For one, despite having co-founded the business with one of the most high-profile, successful founders in Israel, One Zero has got remarkably little attention outside of its home market to date. The company raised approximately $242 million so far and was valued at around $320 million in 2023 according to data in PitchBook. Our sources report this valuation to be much higher in the next round.
Unclear who the investors are, but previous rounds were led by Tencent, OurCrowd, and SBI Ventures (the newly-independent firm that once was part of SoftBank).
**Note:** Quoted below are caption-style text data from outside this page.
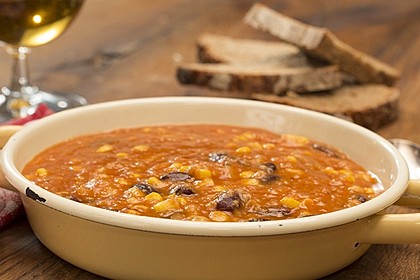 Chili sin Carne 3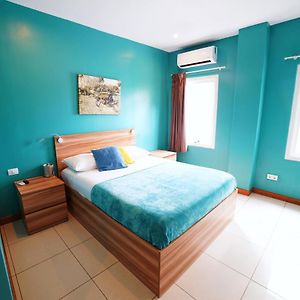 Kamer met een King Size Bed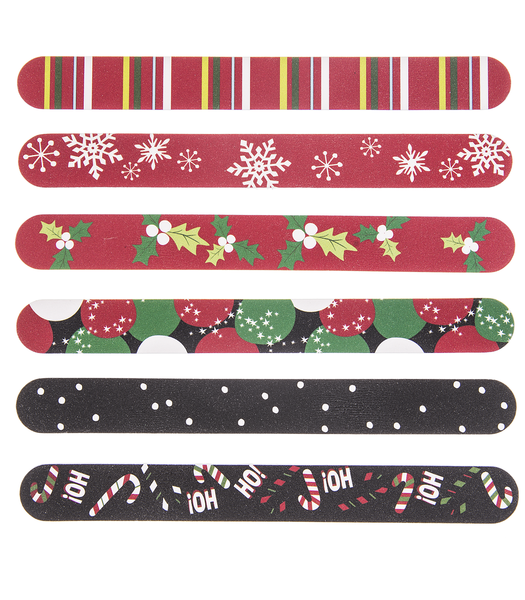 Holiday Nail File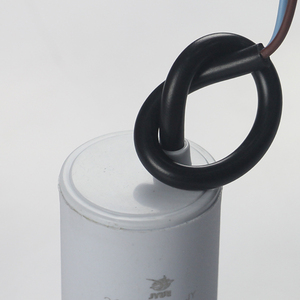 คาปาซิเตอร์มอเตอร์ซักผ้า <span class=keywords><strong>12uF</strong></span> <span class=keywords><strong>Cbb60</strong></span> <span class=keywords><strong>450vac</strong></span> 50/60hz 25/70/21 - Product Image 2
One Zero's momentum comes as Shashua, who has a non-executive role at the company, with CEO Gal Bar Dea has just finished frenetic pace of activity. In the past couple of years, Shashua has founded or co-founded startups focused on humanoid robotics (Mentee) and alternative approaches to large language models for generative AI (AI21), as well as, launched just a couple of weeks ago, AA-I Technologies (pronounced "double AI"), which Shashua described to me as his effort to build an "AI scientist." He is also a computer science professor at the Hebrew University in Jerusalem. One Zero's equally ambitious mission is "bring private banking to the masses," he said in an interview. It seeks to democratize the type of high-touch, advisory services that are accorded to high-net-worth individuals by banks, in a market where the average person not only doesn't get that kind of service today but stares at a future where there may be no physical bank and no humans to help at all.
It is attacking that ambition with a dual business focus. In Israel, where One Zero is based, the startup has won a banking license and been building a full-stack retail bank. Along with that, One Zero is using insights gleaned from that retail business—Shashua described it in an interview as a "sandbox"—to train its models and hone its technology, with the aim of licensing that tech to banks elsewhere.
In the retail business, Shashua said that the company now has some 110,000 customers and though it hasn't announced any licensing deals so far, said it's received a number of inbound requests from major banks to do so.
The company's so far cornerstone-and the area in which it will concentrate its funds-is a chatbot called Ella, that is to exceed current models in the services that human bankers could not.
As Shashua conceives it, although there have been a number of efforts to install AI into retail banking services, for instance, with regards to functions such as controlling spending, they're not very effective.
"You don't see banks deploying artificial intelligence to a level in which you are actually replacing a banker," he said.
For instance, he said, take automated communication.
You can ask a banking chatbot simple questions, such as "how much money is in my account?, or info about recent transactions, and it will probably be able to answer it. But if you ask something with calculations, like "how much money I will have in my deposit account by the end of the year based on the activity so far?
Or what's the best way for me to buy a car based on my financial profile?
It's not just that chatbots can't answer such questions. Most personal bankers can't either.
"There's an opportunity here, where generative AI can seemingly do this," he said. "It goes way beyond spending tracking."
So, in other words, instead of training one large model, Zero builds several models," Shashua said. "But rather than making a single model more efficient to do all those things, he is using multiple large language models." Some models might be optimized for different tasks, he said, but running tasks through several LLMs can provide diversity of responses, then run through a verification process to understand when answers are misleading or wrong. And if those answers are not verified to be helpful or correct, the AI doesn't try to say something anyhow, he said. "It's fine for it to say, I cannot solve your problem. I cannot answer your question," he said. "Humans cannot also answer every question, right? So it's fine. It's not fine to say, here's an answer to your question, and the answer is completely fake, completely false." The system starts with rather simple functionalities such as expense management and will add functionality over time to counsel customers on how to better finance large purchases or save.